Private ventures make plans for six-month voyage

Mars One, founded by Dutch entrepreneur Bas Landorp, isn’t the only organization planning on sending humans to Mars. Richard Branson, English business mogul and founder of the Virgin Group, intends to start a community of humans on the Red Planet. 

Canadian-American engineer Elon Musk, CEO of SpaceX and Tesla Motors, also plans to move to Mars. Last year, he unveiled an ambitious Mars settlement program, with a goal of establishing a Martian colony of more than 80,000 people who would be ferried over to the Red Planet for about $500,000 each.

NASA scientists are also preparing for the possibility of manned missions to Mars to further explore the planet.

The prospect of finding life on Mars got a little more enticing this year. NASA’s Curiosity Rover -- launched in 2011 --- found evidence of fresh water at the planet’s Yellowknife Bay site, which would have been favourable to microbial life.

And some scientists are saying if there’s no evidence of life on the Red Planet, why not send some?

NASA scientist Chris McKay is a leading researcher on finding organics on Mars. He’s also a main advocate for terraforming the planet -- which literally translates to “Earth shaping” -- to make Mars habitable.

The fundamental way to terraform Mars is to warm it up by releasing greenhouse gases into the atmosphere -- something humans knowhow to do “remarkably efficiently,” McKay told CTVNews.ca.

Humans have been inadvertently releasing greenhouse gases into the Earth’s atmosphere for centuries, contributing to warmer global temperatures.  “So what’s bad for Earth would be good for Mars,” McKay said.

Temperatures at the equator in the summer can reach a high of 20 degrees Celsius, but the average temperature on Mars is about -62C.

‘We need a new home’

While McKay supports terraforming for the simple reason that some life is better than no life, Nicole Willett, education director for the space advocacy group The Mars Society, takes the idea even further.

With the Earth’s population increasing by about 1 billion every 10 years in recent decades, Willett fears humans have overextended Earth’s resources. “We need a new home for that reason,” she told CTVNews.ca.

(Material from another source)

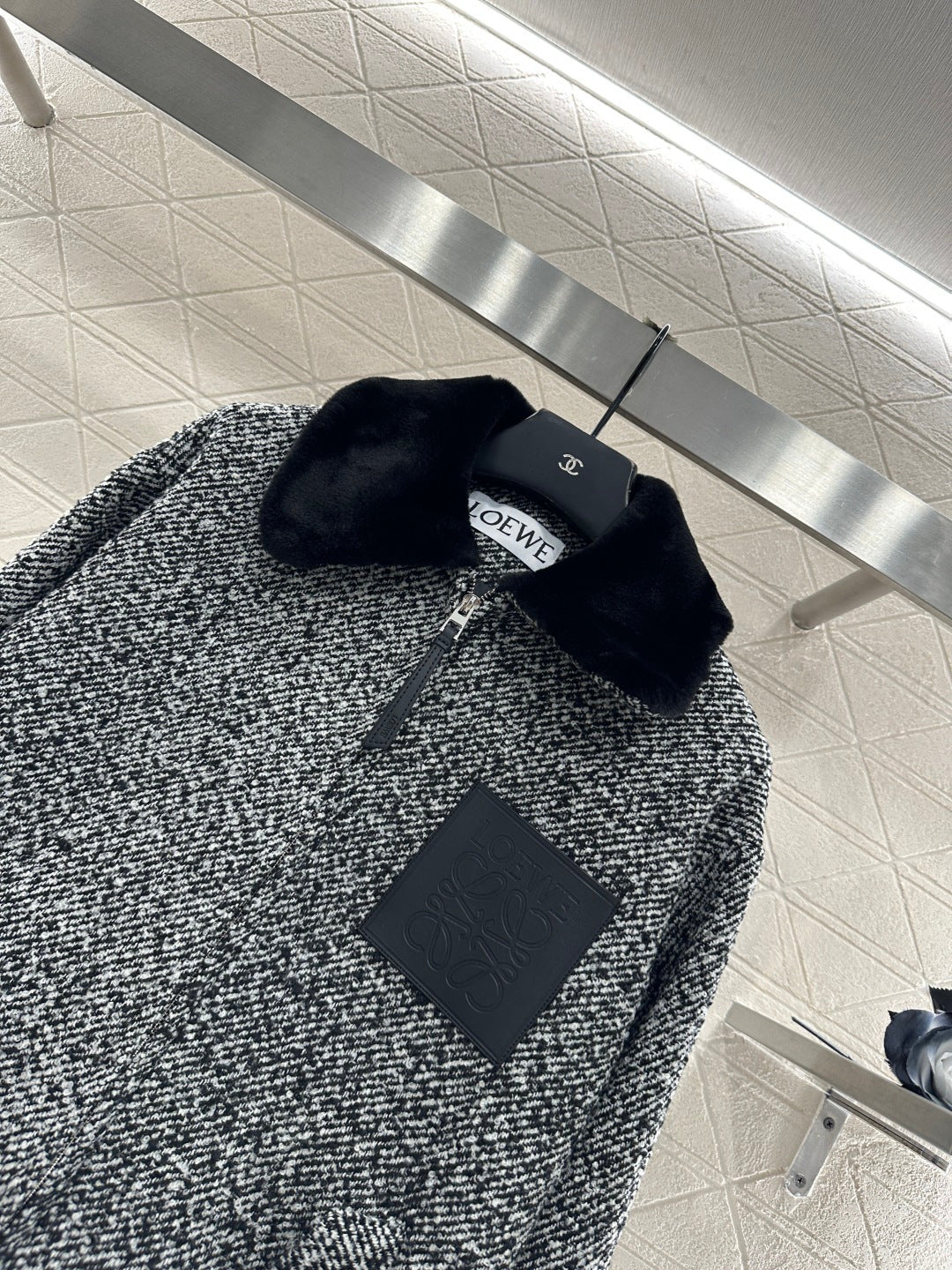 Fur collar woolen coat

The Mars Society will send six volunteers to the organization’s Flashline Mars Arctic Research Station in the Canadian arctic, as part of a 2014 yearlong mock mission to Mars. 

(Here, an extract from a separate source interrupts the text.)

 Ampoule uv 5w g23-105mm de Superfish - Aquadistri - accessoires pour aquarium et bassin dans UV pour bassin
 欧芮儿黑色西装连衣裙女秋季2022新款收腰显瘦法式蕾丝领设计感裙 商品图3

Just like astronauts, the volunteers, who will be conducting research in spacesuits, will spend time studying carbon release from permafrost, as well as human performance in extreme conditions.

Willett said the mineral content of Martian soil has everything terrestrial life requires to survive: carbon, hydrogen, nitrogen, oxygen, phosphorus and sulfur. And humans could easily adapt to Mars’ 24-hour-and-39-minute days. 

“If we go to Mars and find that there is no life, or if we find that the life is the same as Earth, then we can just move in and send more Earth life there,” McKay said.

There’s not enough oxygen on the planet, however, and the atmosphere pressure is thin, so humans would need to live in an enclosed pressurized habitat with a source of oxygen.

Willett said greenhouses would be needed to generate oxygen since Mars’ atmosphere is only 0.13 per cent oxygen, while the Earth’s atmosphere is 21 per cent oxygen.

“If we terraform Mars, we would start by setting up habitats, with plants and greenhouses, and eventually, you could be able to plant algae,” Willett said.

“Over time, 900 to 1,000 years or so, there might be enough pressure in the atmosphere to walk outside without a spacesuit on. The water in the ground would melt, and rivers would flow and it would rain eventually. It would be very Earth-like.”